Exercise prompt:
The expected result is an exact restatement of the data, free of pictures.

Supplied data:
= Beginning of Section =

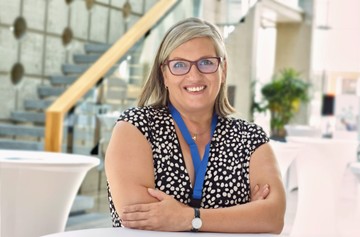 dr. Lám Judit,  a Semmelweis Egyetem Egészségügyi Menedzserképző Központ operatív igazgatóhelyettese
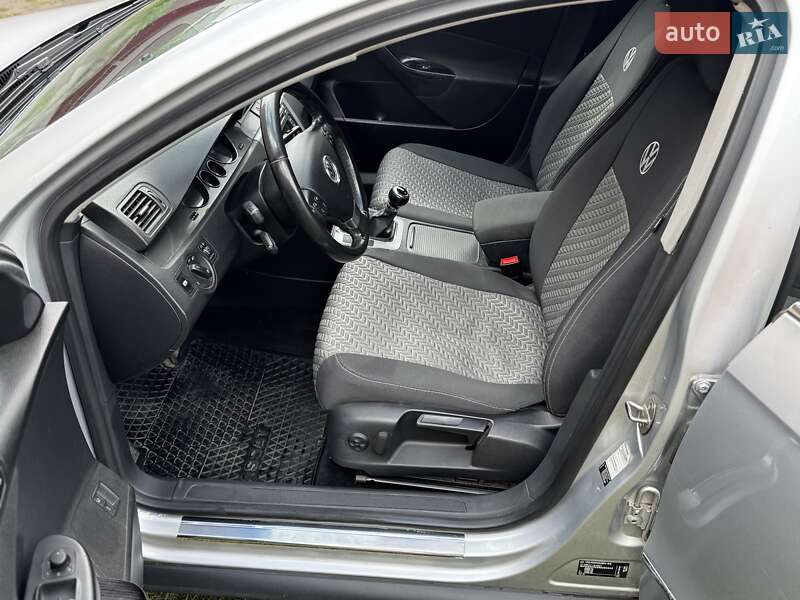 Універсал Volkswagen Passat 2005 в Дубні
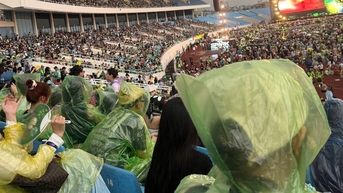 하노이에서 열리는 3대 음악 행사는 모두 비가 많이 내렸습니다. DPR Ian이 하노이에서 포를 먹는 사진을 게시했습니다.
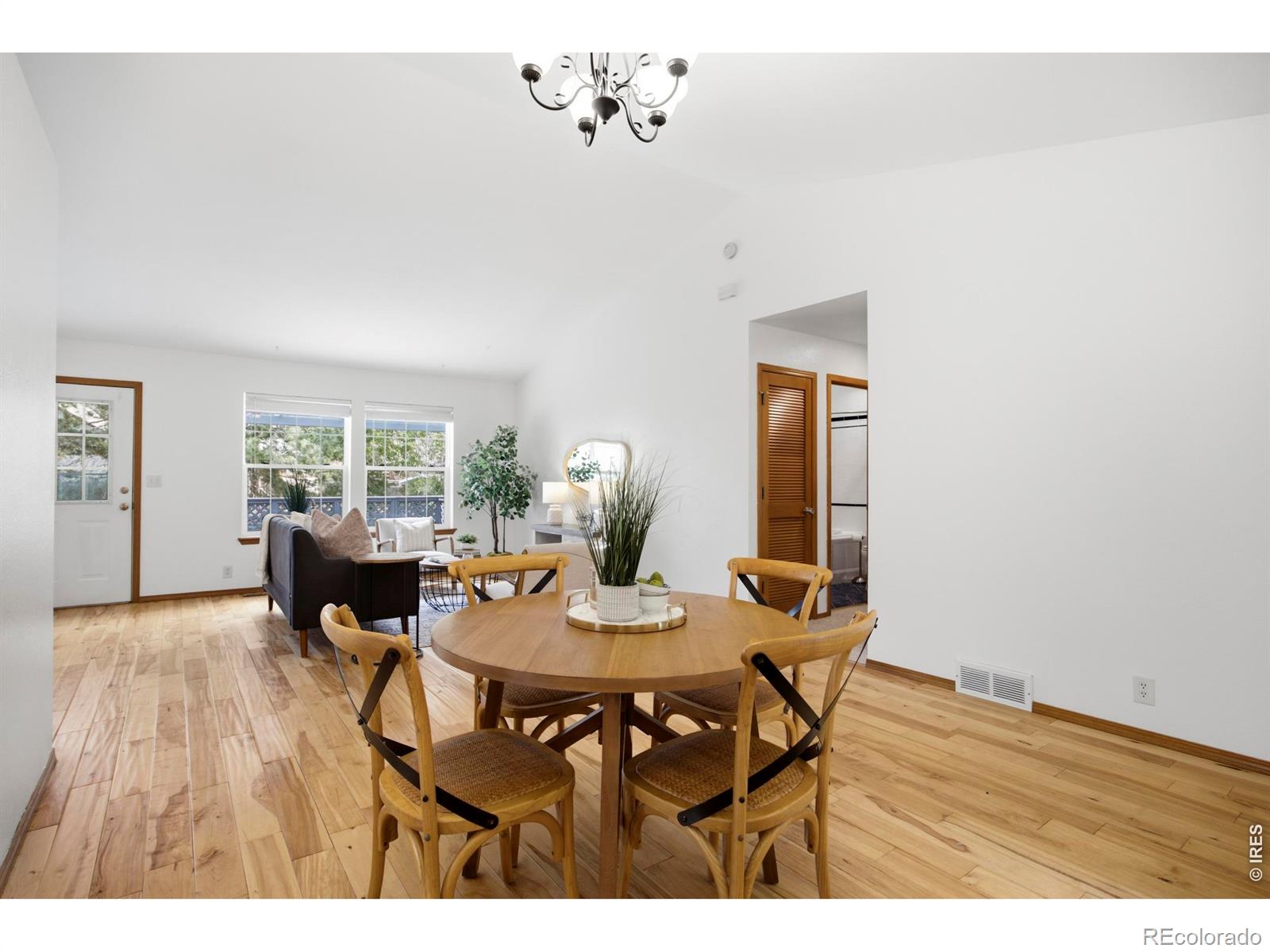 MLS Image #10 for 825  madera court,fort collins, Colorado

= End of Section =

Exercise response:
 dr. Lám Judit,  a Semmelweis Egyetem Egészségügyi Menedzserképző Központ operatív igazgatóhelyettese
 Універсал Volkswagen Passat 2005 в Дубні
 하노이에서 열리는 3대 음악 행사는 모두 비가 많이 내렸습니다. DPR Ian이 하노이에서 포를 먹는 사진을 게시했습니다.
 MLS Image #10 for 825  madera court,fort collins, Colorado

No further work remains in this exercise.